La constante est donc une défense de pick and roll aux abonnés absents. Le staff des Bleus a opté pour beaucoup de switch (avec une orientation à gauche des meneurs) afin d’éviter les tirs. Les arrières, beaucoup trop loin du porteur ou trop orientés, ont laissé les deux meneurs lettons prendre de la vitesse bien trop facilement, et les intérieurs, isolés dans les mismatchs, n’ont pas réussi à tenir les duels avec les extérieurs lettons.
Ajoutez à cela, au moins, trois erreurs de communication (doit-on switcher ?) qui coûtent des paniers faciles, comme ce tir de Zoriks à la fin du troisième quart-temps alors que les Français étaient dans leur meilleur passage défensif de la soirée (10 points encaissés seulement au cours des huit premières minutes).
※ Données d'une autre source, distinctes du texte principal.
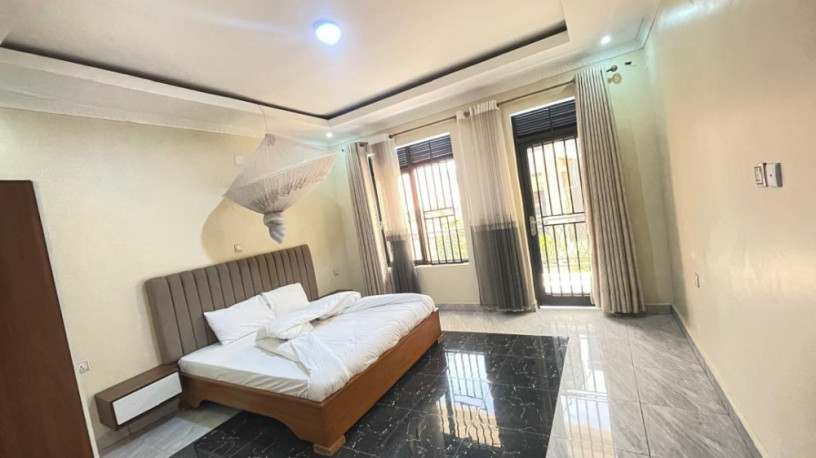 kimihurura-fully-furnished-2bedrooms-apartment-for-rent-at-800k550-in-good-location-big-5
Nous avions évoqué avant le match du Canada l’importance de la pression sur la balle lors des mains à mains. Celle-ci est d’autant plus importante en défense de pick and roll, surtout lorsque l’on change (pour empêcher le meneur de prendre de la vitesse) ou que l’on utilise la protection (pour ne pas rester bloqué dans l’écran et laisser l’intérieur dans une situation de 2 contre 1). Ce travail me semble être la priorité.
- Et le reste alors ?
Sans se dédouaner de sa responsabilité et de celle de son staff, Vincent Collet a beaucoup pointé un manque d’humilité et d’engagement individuel défensif de la part de son équipe. Et on ne peut que le rejoindre lorsque l’on voit le nombre d’oublis, de mauvaise communication, de déconcentration et de manque de combativité. Un back-door avec une mauvaise orientation au départ, des un-contre-un abandonnés facilement, des box-out non effectués qui coûtent entre autres un lay-up de Smits pour lancer son match et le panier à trois points en toute fin de match de Bertans.
- À qui la faute ? Au staff ou aux joueurs ?
Sans rentrer dans les considérations et les débats qui animeront sans doute le basketfrançais dans les prochains jours, notamment concernant les joueurs absents, cette Coupe du Monde semble avoir mis en lumière un manque d’unité criant au sein de cette équipe. La faute est alors partagée entre le staff, qui ne semble plus avoir l’approbation et la confiance des joueurs, et à qui incombe la responsabilité de la cohérence et de l’identité (on en revient à la création de la frustration), et les joueurs qui n’ont pas mis les ingrédients nécessaires et se sont laissés submerger par les émotions. Car au-delà des erreurs techniques ou d’engagement, il ne faudra pas oublier l’importance de l’exclusion de Nando De Colo, pour avoir eu une réaction inutile à l’égard de Kurucs, ou les deux fautes loin du ballon de Rudy Gobert dans les deux dernières minutes qui ont offert quatre points sur un plateau aux Baltes.